Each line in the records below, from the one that contains "Astra kommt mit Stufenheck" to the one that contains "WOMEN 3 FRANGIPANI", should be reproduced exactly, the first and last included.

The data:
>>>>

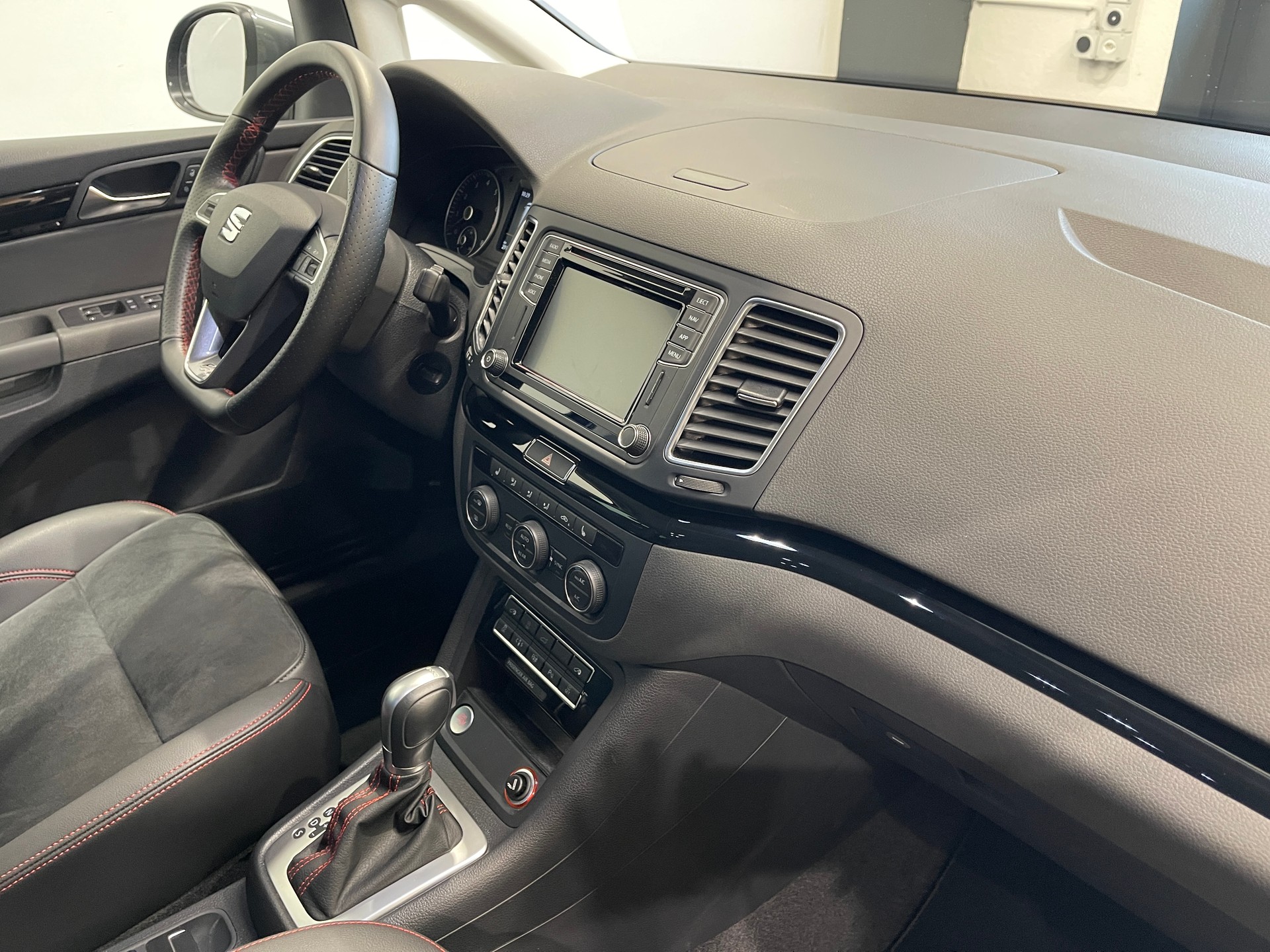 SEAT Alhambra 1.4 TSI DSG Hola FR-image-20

<<<<
>>>>

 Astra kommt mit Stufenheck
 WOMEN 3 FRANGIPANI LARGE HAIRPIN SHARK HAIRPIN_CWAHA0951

<<<<
>>>>

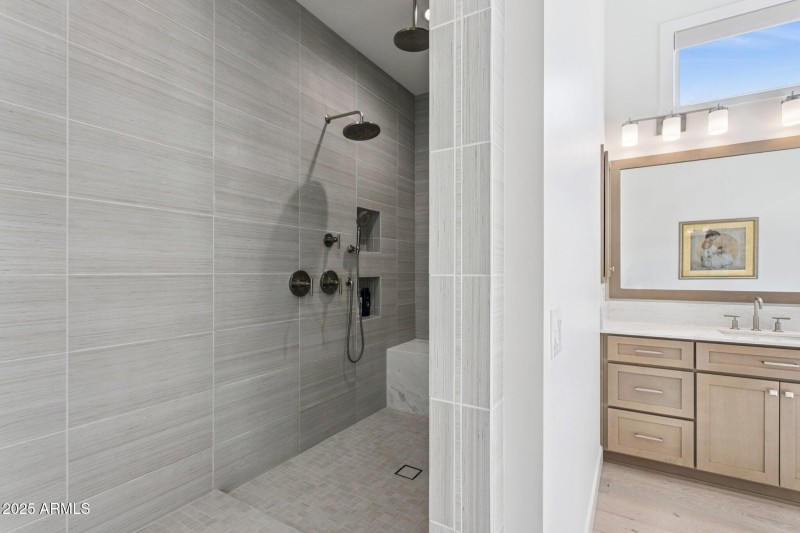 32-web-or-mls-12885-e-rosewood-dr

<<<<

Finished exercise:
 Astra kommt mit Stufenheck
 WOMEN 3 FRANGIPANI LARGE HAIRPIN SHARK HAIRPIN_CWAHA0951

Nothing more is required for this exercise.